Goal of the exercise: An exact, complete printout of the listing is wanted, minus its images.

Exercise data:
'''

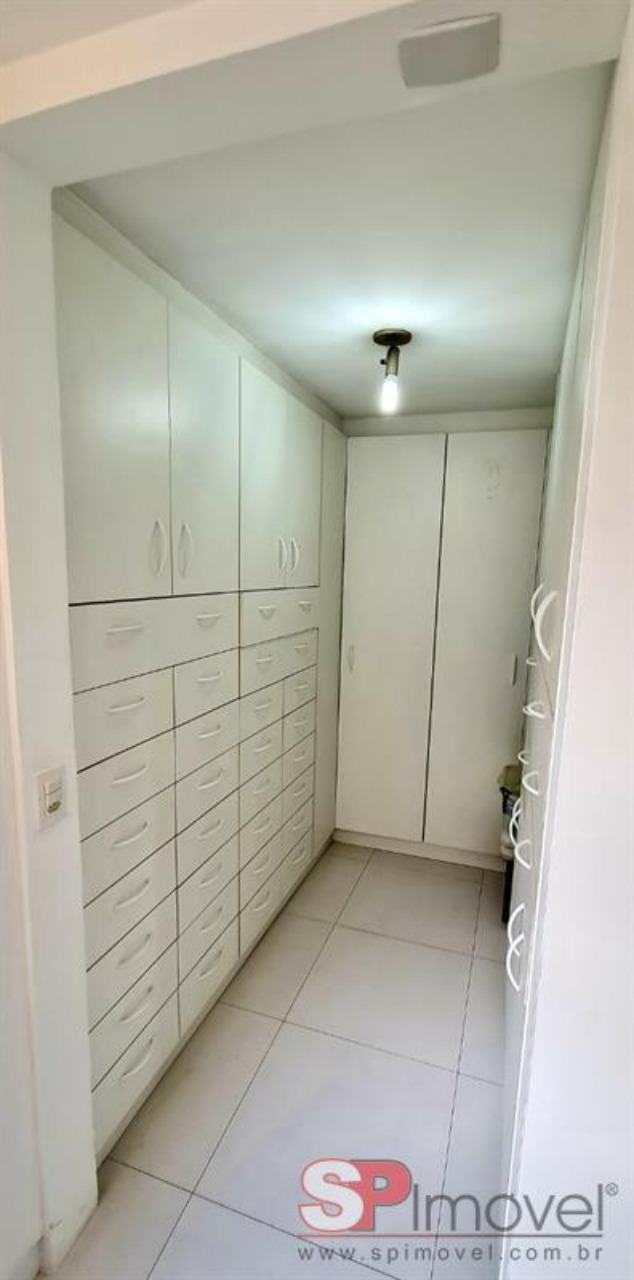 Apartamento à venda com 4 quartos, 151m² - Foto 18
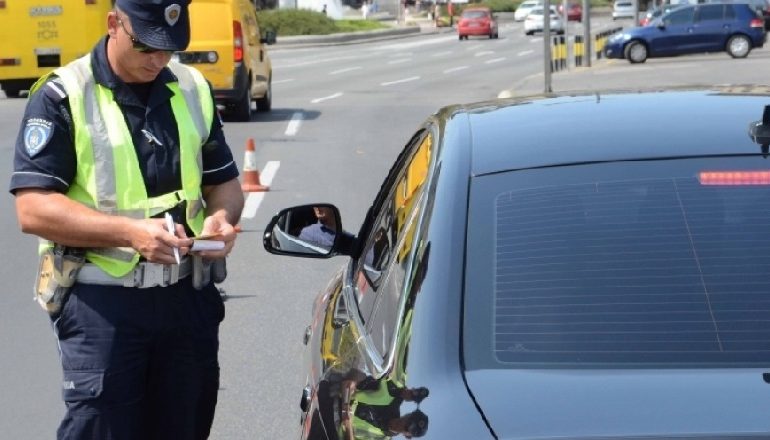 SHOFERË TË DEHUR, PA PATENTË DHE… PA TARGA/ Policia e Korçës bën “raprezalje”, 5 në pranga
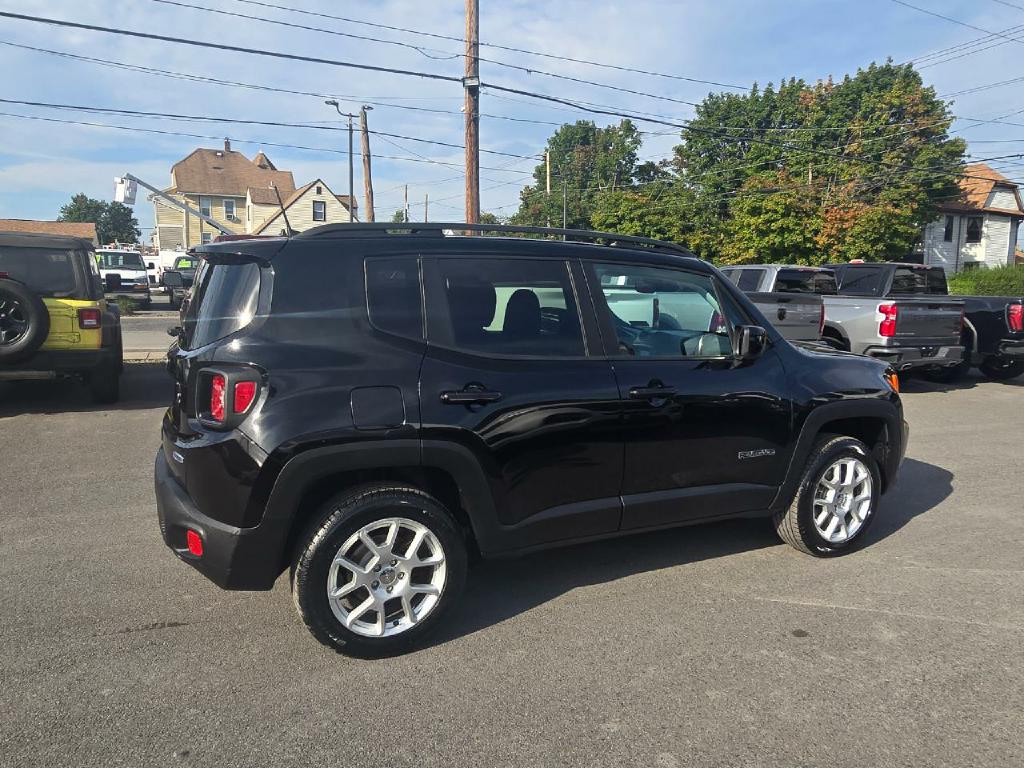 Photo 5 of this JEEP RENEGADE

'''

Written solution:
 Apartamento à venda com 4 quartos, 151m² - Foto 18
 SHOFERË TË DEHUR, PA PATENTË DHE… PA TARGA/ Policia e Korçës bën “raprezalje”, 5 në pranga
 Photo 5 of this JEEP RENEGADE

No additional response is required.